Earlier the opposition expressed its fears that the power could hold a parliamentary blitzkrieg and vote with a majority for Andrii Kliuiev’s candidature for the office of prime minister of Ukraine, and Andrii Portnov – for the office of the head of Presidential Administration, whereas Vitalii Zakharchenko would be appointed the Head of the National Security and Defense Council. However, according to members of the parliamentary minority, the voting has not taken place for reasons which had nothing to do with the opposition.
Regionnaires refuse to have anything to do with these talks. They say there is no sense in appointing Kliuiev the prime minister, because he has become head of the Presidential Administration only recently. “These are fantasies of the opposition,” Regionnaire Mykhailo Chechetov told The Day.
The unwillingness of the parliamentary majority to include on the agenda and correspondingly vote the so-called VRU bill “On restoring of legitimacy of the constitutional order in Ukraine,” which had been offered by the opposition, became a stumbling block for further functioning of the VRU for people’s deputies in both camps. However, the Communists started again to talk about the alleged reasonability of splitting Ukraine into federations, and PoR MPs more often stated that it is important to negotiate with other leaders of the Maidan, in particular, the Right Sector and Afghan veterans, who have recently expressed their desire to take part in negotiations between the power and parliamentary opposition. The MPs took a long break.
“The situation in parliament reminds me of a bog, when one part does not want, and the other cannot do anything: in this situation the power does not want to change anything, whereas the opposition is unable to do this,” Serhii Mishchenko, an unaffiliated MP, told The Day. “Today they are jointly looking for best possible way of solving the situation. It is important for the opposition to save face before the people in the Maidan and ‘talk down’ the question of the Constitution, agreeing to create a committee to draft changes to the Constitution.”
“Apparently, no new majority will be formed. There is no political will of the oligarchs who are now controlling the majority of PoR MPs.

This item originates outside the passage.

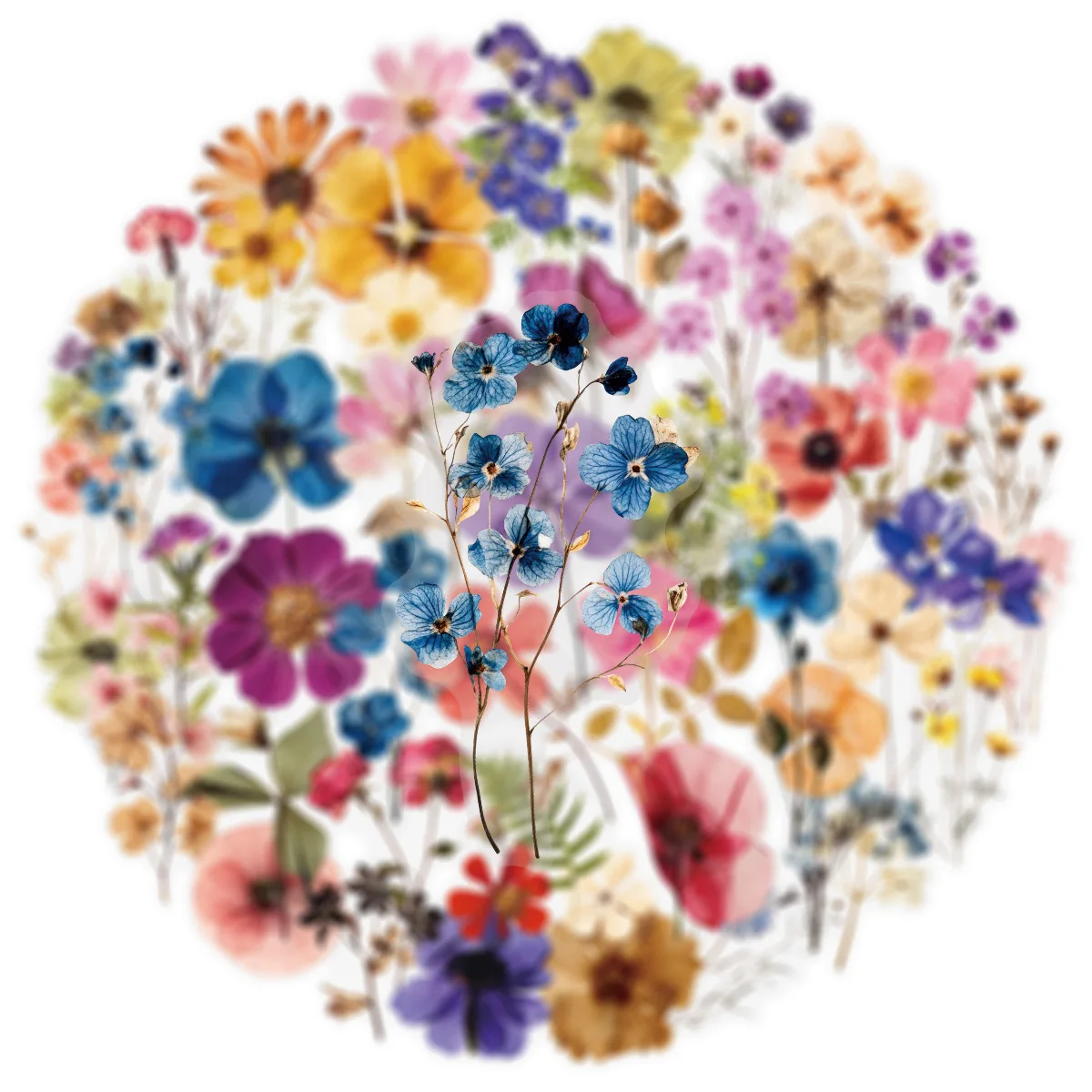 10/25/50개 투명 혼합 꽃 식물 스티커 DIY 방수용 여행가방 전화기 노트북 물병 노트북 스크랩북용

Whereas last time many Regionnaires were outraged, spoke about some changes, wanted to vote together with the opposition, now it is clear that the oligarchs have reversed. And the question is not to the PoR deputies, but those who are standing behind them,” Mishchenko is sure.

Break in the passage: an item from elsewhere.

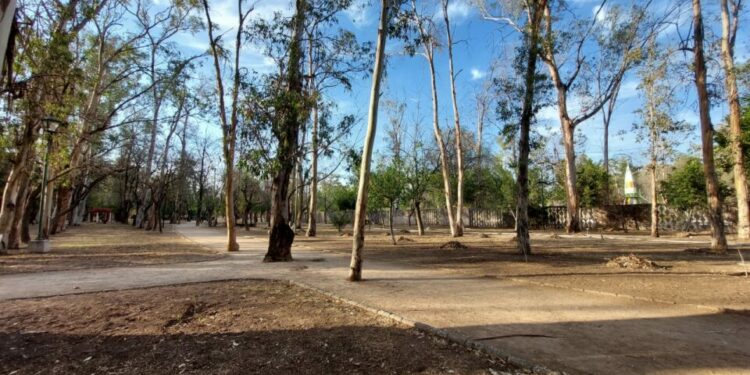 Parque Morales: Celebrando un siglo de historia y naturaleza en San Luis Potosí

The opposition deputies confirm this thesis off records. However, they assure that they are looking for other ways to ride out the crisis. “If we fail the Maidan, the Maidan will fail us,” one of the oppositionists shared his opinion. “We don’t want to be living corpses.” “At the moment the opposition is doing everything possible to make people’s demand heard and satisfied at maximum,” the interlocutor concluded.

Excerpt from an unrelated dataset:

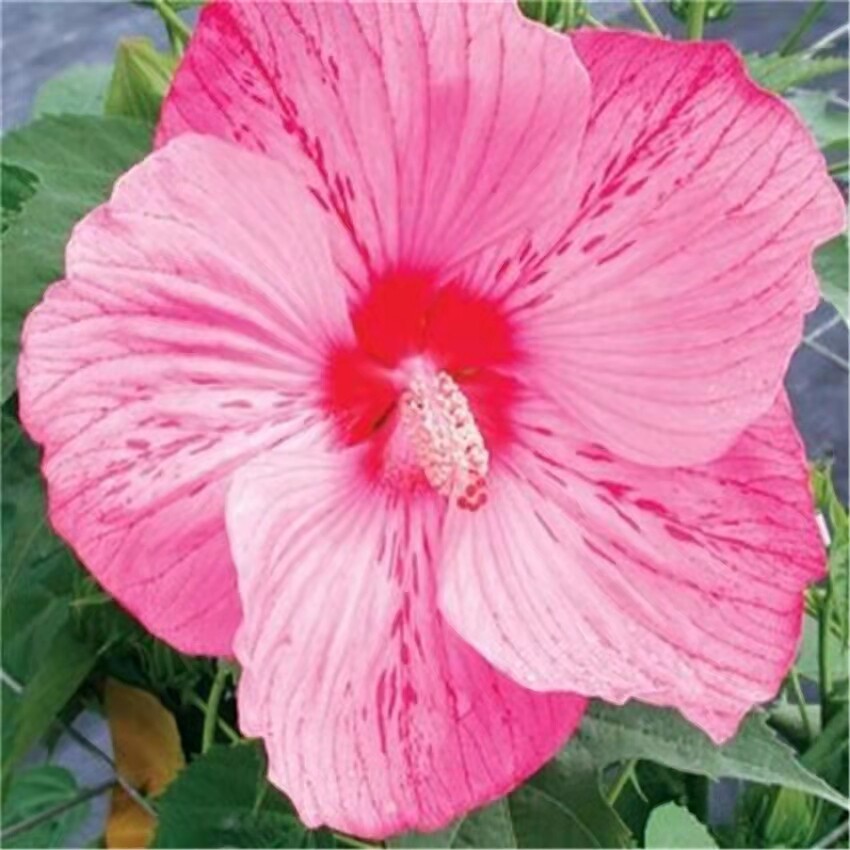 100 Red Hibiscus seeds Hibiscus Rosa-sinensis Garden Flowers seeds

There is a counterbalance. Viktor Baloha, an unaffiliated MP, wrote on his FB page: “MPs say one thing from the VR rostrum, whereas at a session of the Batkivshchyna faction Vlasenko read a letter – it is easy to say from whom – which reads that Batkivshchyna should not vote for returning of the 2004 Constitution; it should walk out of the talks immediately; it should get for early presidential elections. The candidate has not been announced yet.”
The politician continues: “I have only one question. Don’t Batkivshchyna MPs understand a thing? The proposals expressed in the letter are a purely Russian scenario. Does anybody need it – Ukraine, the Maidan, the community? No.”